Fall 2015

Passionate about Optics

Arizona NOW gift impact

It was a dream come true when I received my acceptance letter last year from the University of Arizona’s College of Optical Sciences. There are only a dozen schools in the United States with a graduate degree program in optics, and the UA is internationally recognized as the largest and highest-rated program.

Without a doubt, the UA was my school of choice.  

Weeks after getting my acceptance letter, I was surprised and grateful to hear I would receive a Friends of Tucson Optics Scholarship. Apart from being able to buy a new computer, software, and textbooks, I also wouldn’t have to worry about working a part-time job or teaching to pay for living expenses. It was a gift of economic stability. 

Today, I am entirely focused on a research project with Robert Norwood, who has been a great mentor. We are working on creating a more efficient system for collecting heat and converting sunlight into solar energy using a solar concentrator, which is a type of lens for focusing light. Our hope is to double the output of solar energy currently obtained through photovoltaic solar panels. My experience has been amazing and I have learned so much from Norwood, the other professors, and my colleagues. 

My passion for optics comes from its practical application. You can find a need for optics in almost every industry. I have an open mind about my future, but I know it will involve applying my knowledge of optics to conduct research and create new technology for the benefit of everyone.   

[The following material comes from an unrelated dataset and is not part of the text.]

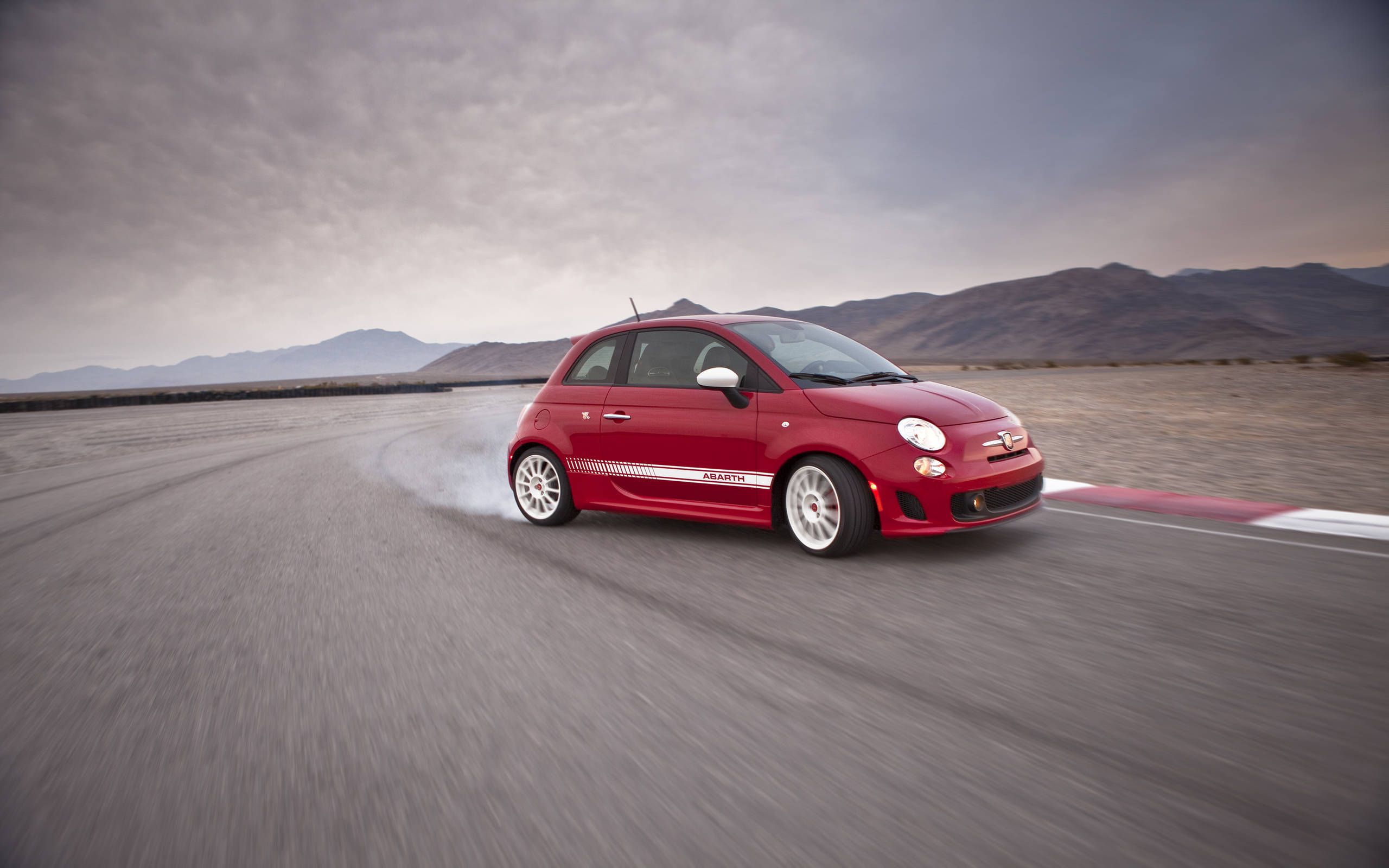 Fiat 500 fails in USA: the product, stupid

Liliana Ruiz Diaz is a graduate research assistant in the College of Optical Sciences. The Friends of Tucson Optics Scholarship is one of 27 new scholarships created because of the generosity of James Wyant, professor emeritus and founding dean of the college, who matched gifts at a four-to-one rate, giving $10 million alongside $2.5 million from more than 270 donors. The scholarship provides tuition funding and a $20,000 stipend to first-year graduate students.